- REQUIRED ACTION
All of the data, word for word and free of pictures, is the expected result.

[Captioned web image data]

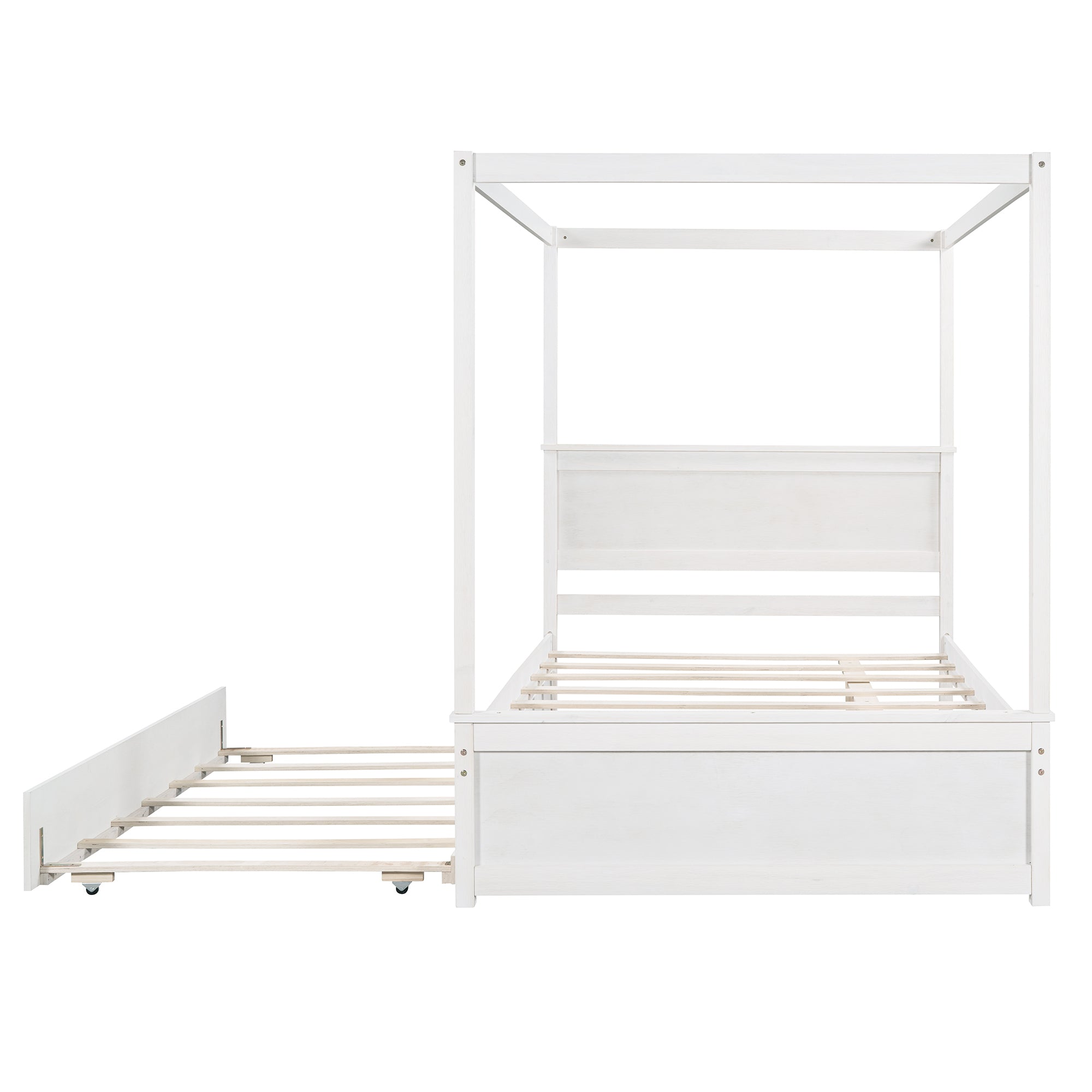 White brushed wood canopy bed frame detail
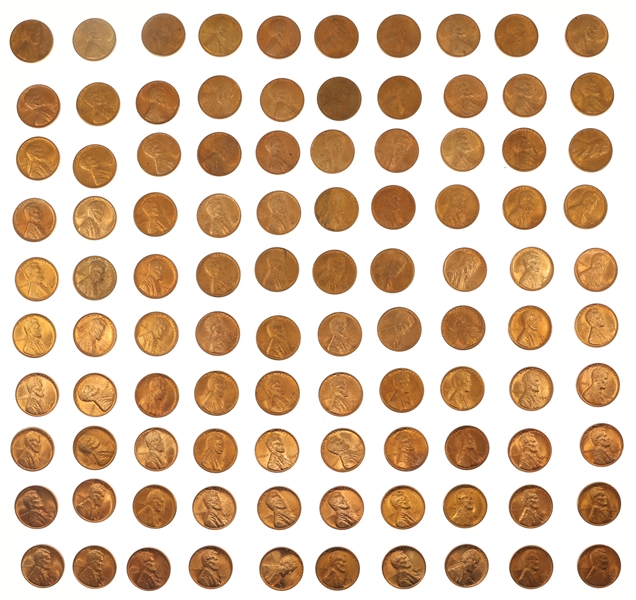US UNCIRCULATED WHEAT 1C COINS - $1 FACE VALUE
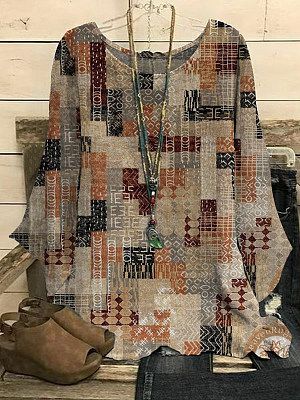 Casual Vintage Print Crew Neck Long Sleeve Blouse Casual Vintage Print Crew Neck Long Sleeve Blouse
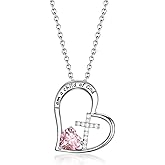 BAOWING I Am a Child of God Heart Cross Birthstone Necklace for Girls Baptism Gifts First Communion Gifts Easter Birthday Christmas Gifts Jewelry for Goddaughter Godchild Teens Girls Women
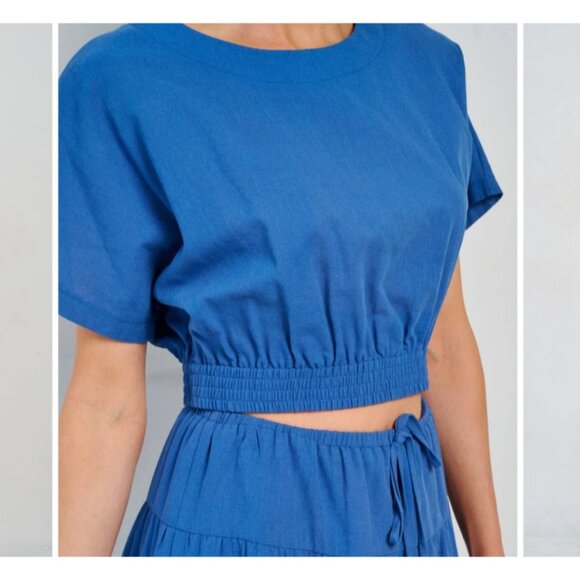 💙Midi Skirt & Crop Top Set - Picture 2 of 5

- SOLUTION FOR THIS EXERCISE
 White brushed wood canopy bed frame detail
US UNCIRCULATED WHEAT 1C COINS - $1 FACE VALUE
 Casual Vintage Print Crew Neck Long Sleeve Blouse Casual Vintage Print Crew Neck Long Sleeve Blouse
 BAOWING I Am a Child of God Heart Cross Birthstone Necklace for Girls Baptism Gifts First Communion Gifts Easter Birthday Christmas Gifts Jewelry for Goddaughter Godchild Teens Girls Women
 💙Midi Skirt & Crop Top Set - Picture 2 of 5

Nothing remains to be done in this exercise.